Thanks for the detailed feedback. The real reason I had to write my own
parser is that even with close, repeated support from NCBI we couldn't get
XML output with short_web_blast.pl because the parameter that turns on XML
output was not functioning (they've probably fixed it by now), and I had to
crank out a parser asap to support a job talk.
I don't think the upstream and downstream feature reports are particulalry
useful, becase in mammals they tend to be so far away that they are not
likely to be biologically relevant. But the internal motif reports are
useful, maybe especially if you are blasting short reads, like I was. A
16-mer preserved domain hit is really good if you're blasting 18-mer
Illumina short reads, like I was.
As far as my involvement goes, I got diagnosed with cancer on Wednesday, so
I'll be taking a step back until next week's surgery and taking a lot a
deep breaths. On the other hand, this just makes me more motivated: I've
been thinking alot about time, and timely contributions, the last two days.
From: Jason Stajich
To: Dan kilburn
Cc: "[email protected]"
Sent: Friday, February 1, 2013 1:58 AM
Subject: Re: [Bioperl-l] Bioperl-l Digest, Vol 117, Issue 13
I think the answer is yes if others are doing it - I am not in a position
to be much of a main coder.
I don't know which format you speak of here or if you had to write
something for the text blast changes or something else.
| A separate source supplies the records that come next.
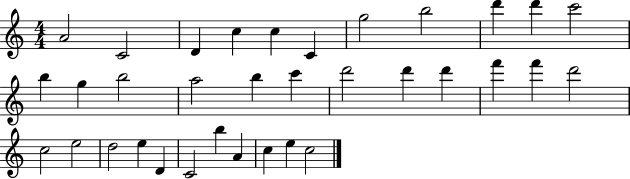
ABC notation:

X:1
T:Untitled
M:4/4
L:1/4
K:C
A2 C2 D c c C g2 b2 d' d' c'2 b g b2 a2 b c' d'2 d' d' f' f' d'2 c2 e2 d2 e D C2 b A c e c2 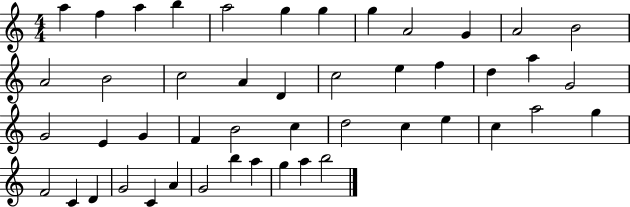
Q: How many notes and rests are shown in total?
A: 47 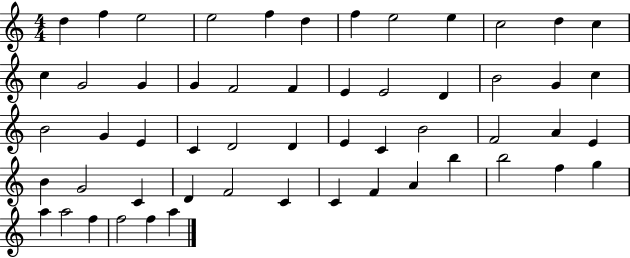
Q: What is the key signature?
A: C major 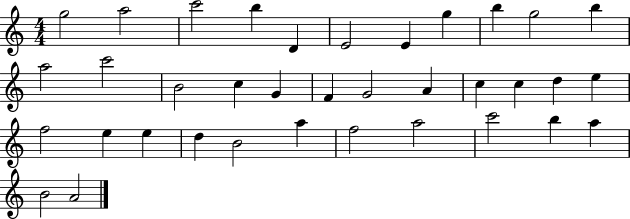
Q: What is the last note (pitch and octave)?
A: A4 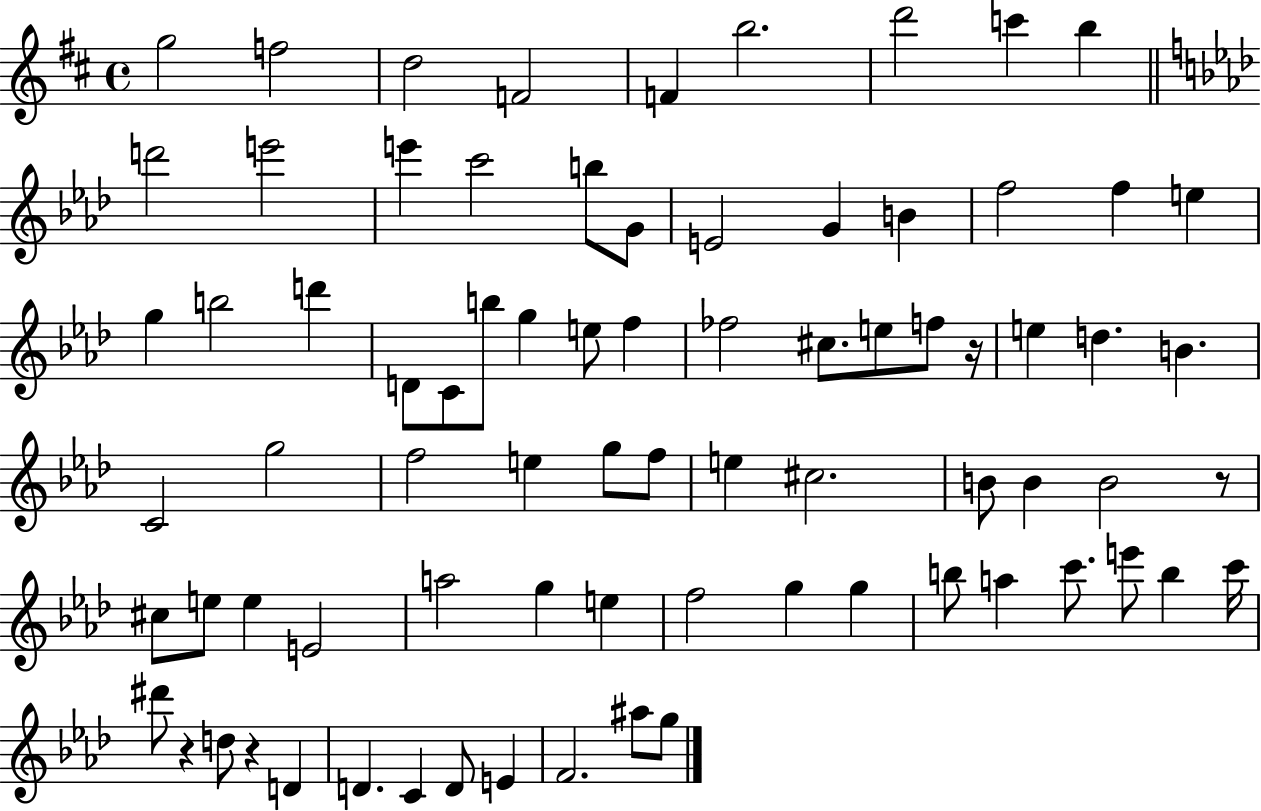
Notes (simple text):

G5/h F5/h D5/h F4/h F4/q B5/h. D6/h C6/q B5/q D6/h E6/h E6/q C6/h B5/e G4/e E4/h G4/q B4/q F5/h F5/q E5/q G5/q B5/h D6/q D4/e C4/e B5/e G5/q E5/e F5/q FES5/h C#5/e. E5/e F5/e R/s E5/q D5/q. B4/q. C4/h G5/h F5/h E5/q G5/e F5/e E5/q C#5/h. B4/e B4/q B4/h R/e C#5/e E5/e E5/q E4/h A5/h G5/q E5/q F5/h G5/q G5/q B5/e A5/q C6/e. E6/e B5/q C6/s D#6/e R/q D5/e R/q D4/q D4/q. C4/q D4/e E4/q F4/h. A#5/e G5/e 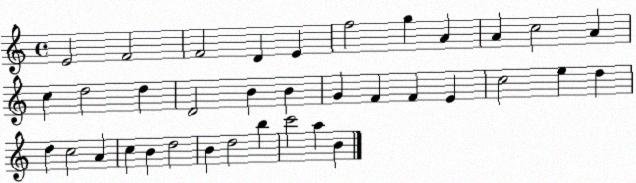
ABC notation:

X:1
T:Untitled
M:4/4
L:1/4
K:C
E2 F2 F2 D E f2 g A A c2 A c d2 d D2 B B G F F E c2 e d d c2 A c B d2 B d2 b c'2 a B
Specific bug
reports on formats that aren't working is always helpful. The XML format
has been pretty stable so I would suggest that if you are simply parsing
reports not looking at them.
Chris posted instructions on how to contribute and the move to github
simplifies this. That you had to write a whole new parser seems probably
a bit severe - I hope that in the future people can speak to the problems
sooner. If I hit a wall with something I can't do I usually write the code
to fix it and contribute it back but I don't play follow-the-format-changes
with the tools anymore, but hopefully others like yourself can make the
If you speak to the response I made to the question below, I don't think
anyone will be trying and support the NCBI's additional markups that refer
to the upstream and downstream features as they are laid out in the text
files without some serious effort. Perhaps in the future that information
will be reported in the XML format and thus be more parseable.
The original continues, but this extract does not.